_Exercise description_
Return an exact copy of the data, starting at its first line and ending at the line that contains "This is what", minus any pictures.

_Stored data_
--------------------------------
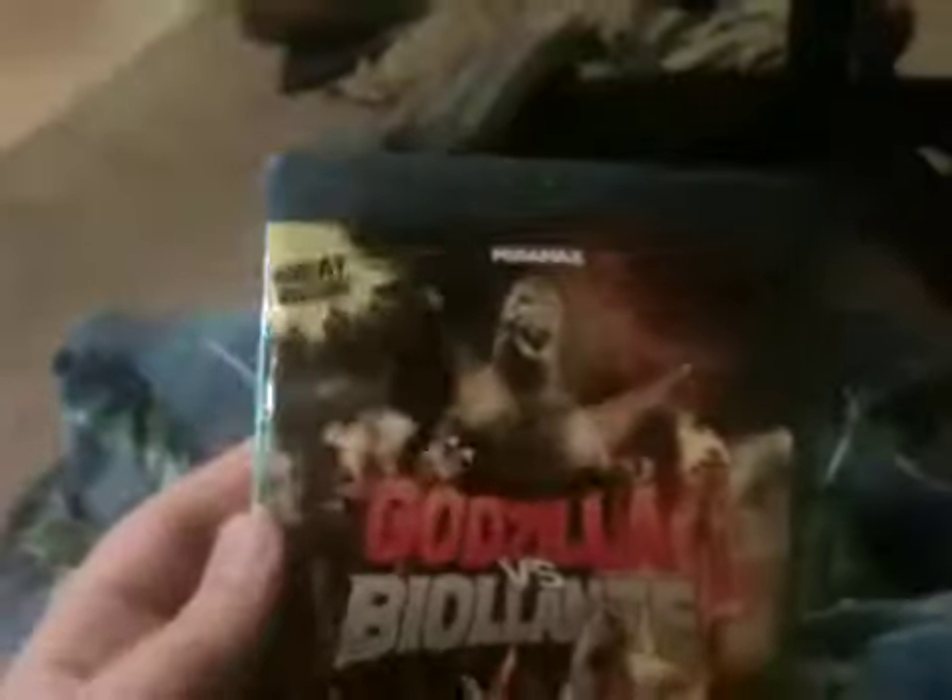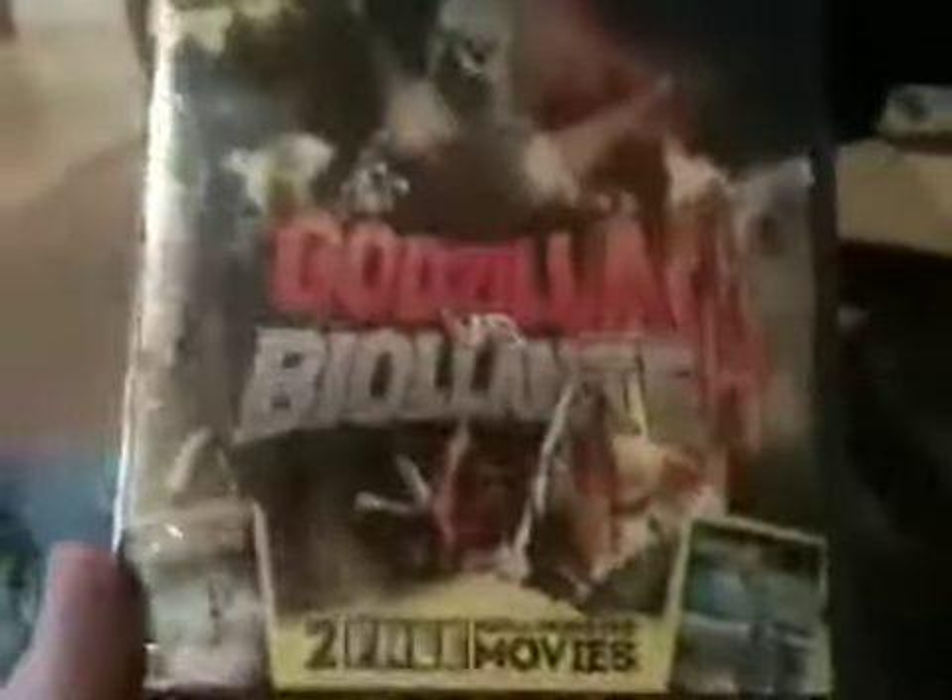This is one of the old Godzilla films. It came out, I believe, in 1989, and I have not seen it yet. It's awesome because it's on Blu-ray — I'll be able to watch it on my PS3. This is one of the few Godzilla movies that has had the privilege of being on Blu-ray. They really need to release more Godzilla films on Blu-ray, but the fact that this is on Blu-ray is awesome.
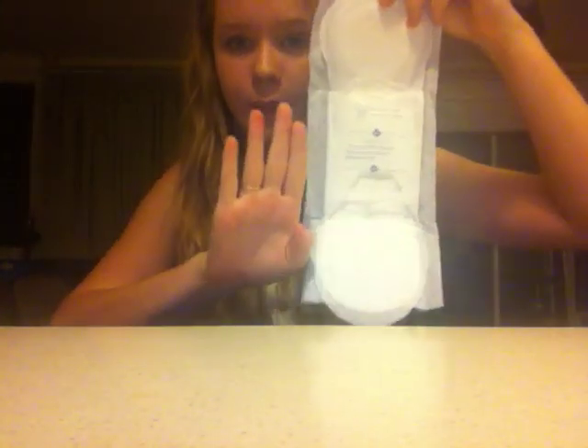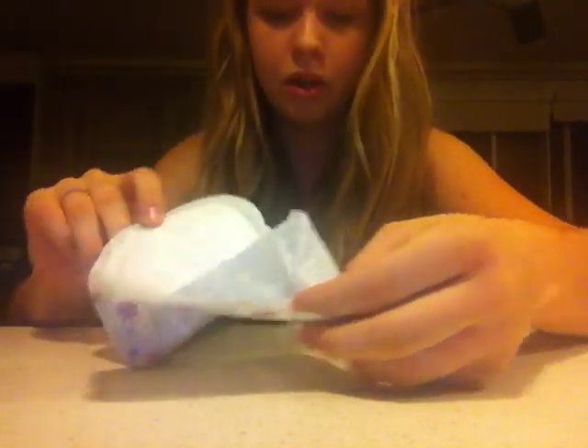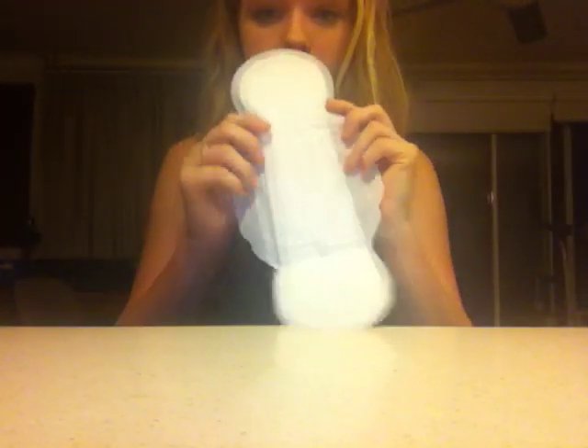This is what it looks like and it's just about that long. I love this size because I like them to be longer so you're safer when lying down. You don't have a back paper, just this backing, and then there are two lines of stickiness you can see there. The wings on Libra are such good quality compared to U by Kotex — they're amazing.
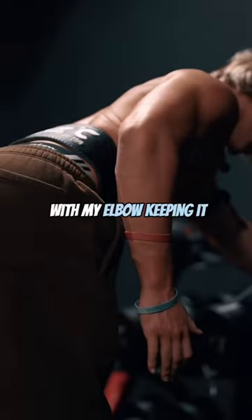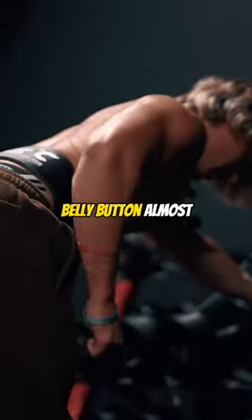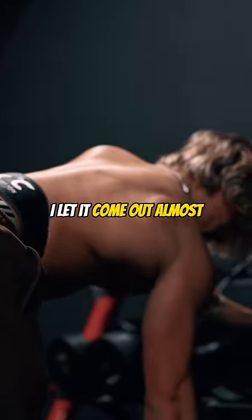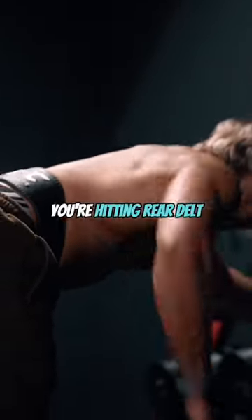And when I arc it, I'm pulling towards my navel again. I'm leading with my elbow, keeping it close to my body, pulling it close to my belly button almost. And when I stretch it, I let it come out here — I don't let it drop just here. I let it come out a little bit more to get an extra stretch and row it in an arcing motion. A lot of people just row it up and down — you're hitting rear delt and traps when you do that. You don't want that.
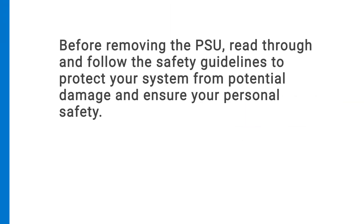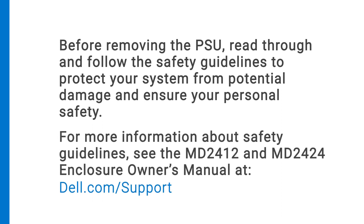Before removing the PSU, read through and follow the safety guidelines to protect your system from potential damage and ensure your personal safety. For more information about safety guidelines, see the MD2412 and MD2424 Enclosure Owners Manual at dell.com/support.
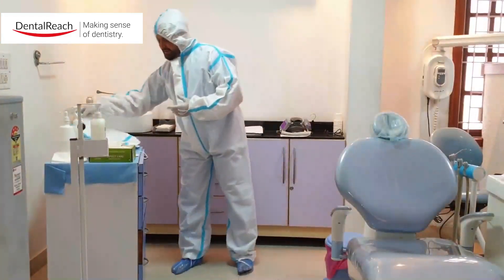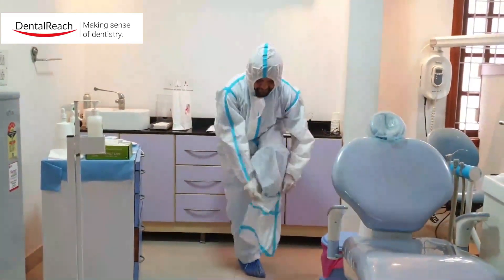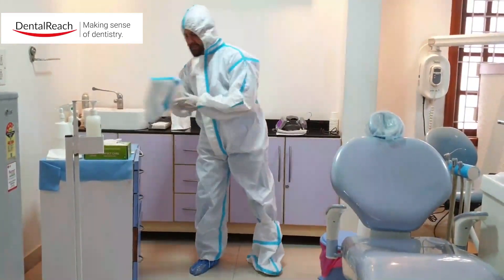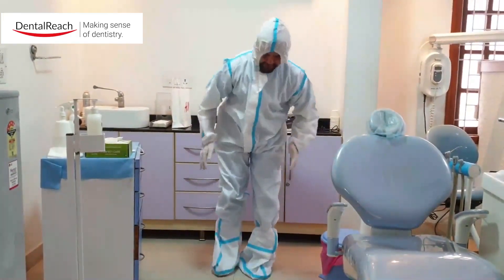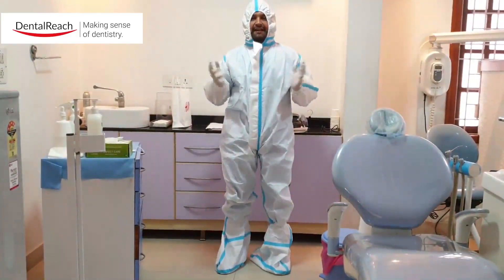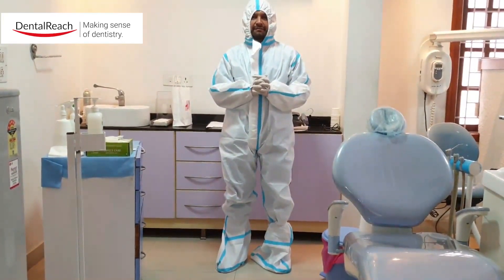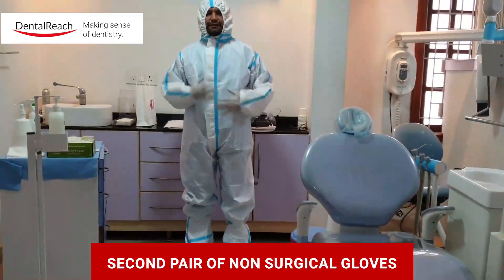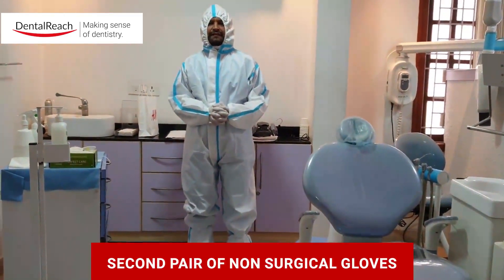Now I wear the leg protection on the left, then the leg protection on the right. I'm already all set to go into the next procedure. Once we finish off with the major part of wearing the gown and the feet cover, we use the second pair of gloves.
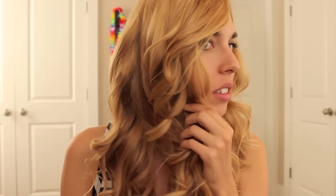Hi friends! Today I'm going to be showing you how to get these curls using a flat iron. I know there's a lot of videos out there showing you how to use a flat iron to curl your hair, but I think some of them are kind of confusing, so I'm going to try to make it as simple as possible.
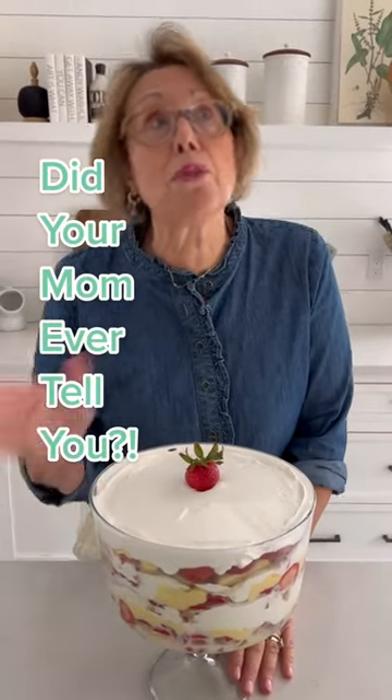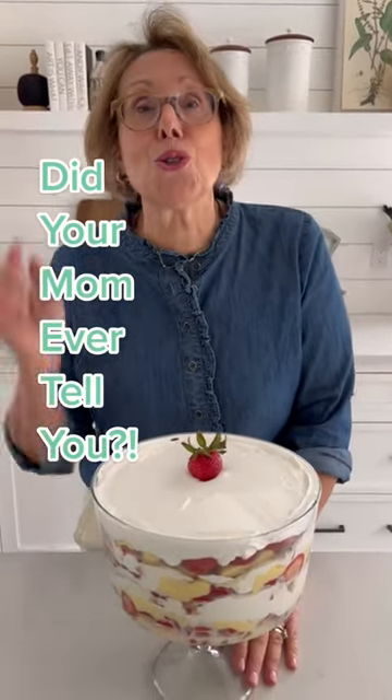Did your mom ever tell you when you don't have time to do totally homemade? This is your dessert. And what a celebration of spring — isn't that beautiful? It's a strawberry shortcake trifle. So easy.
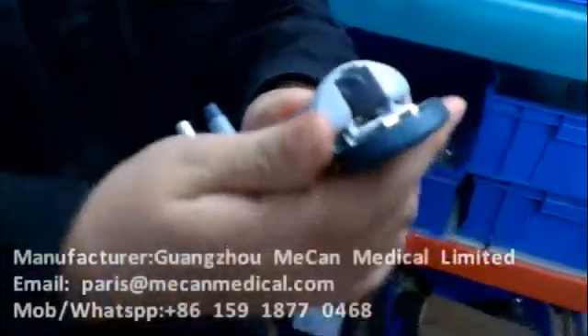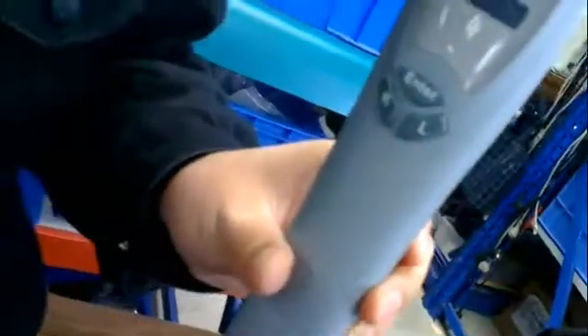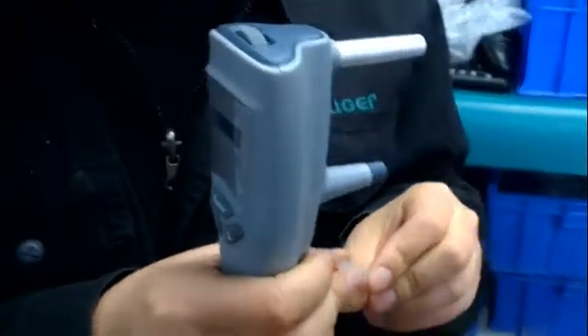Open the back cover. Taking the AA battery. Close it. Now we can insert the probe.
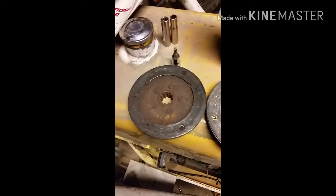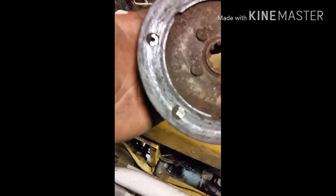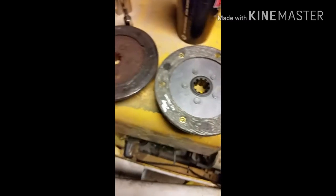I got the clutch disc out, as you can see. Down here the pressure plate is a little loose, so I've got to tighten that up — just two bolts on the back side. Got those tightened up.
--------------------------------
_Exercise response_
This is one of the old Godzilla films. It came out, I believe, in 1989, and I have not seen it yet. It's awesome because it's on Blu-ray — I'll be able to watch it on my PS3. This is one of the few Godzilla movies that has had the privilege of being on Blu-ray. They really need to release more Godzilla films on Blu-ray, but the fact that this is on Blu-ray is awesome.
This is what it looks like and it's just about that long. I love this size because I like them to be longer so you're safer when lying down. You don't have a back paper, just this backing, and then there are two lines of stickiness you can see there. The wings on Libra are such good quality compared to U by Kotex — they're amazing.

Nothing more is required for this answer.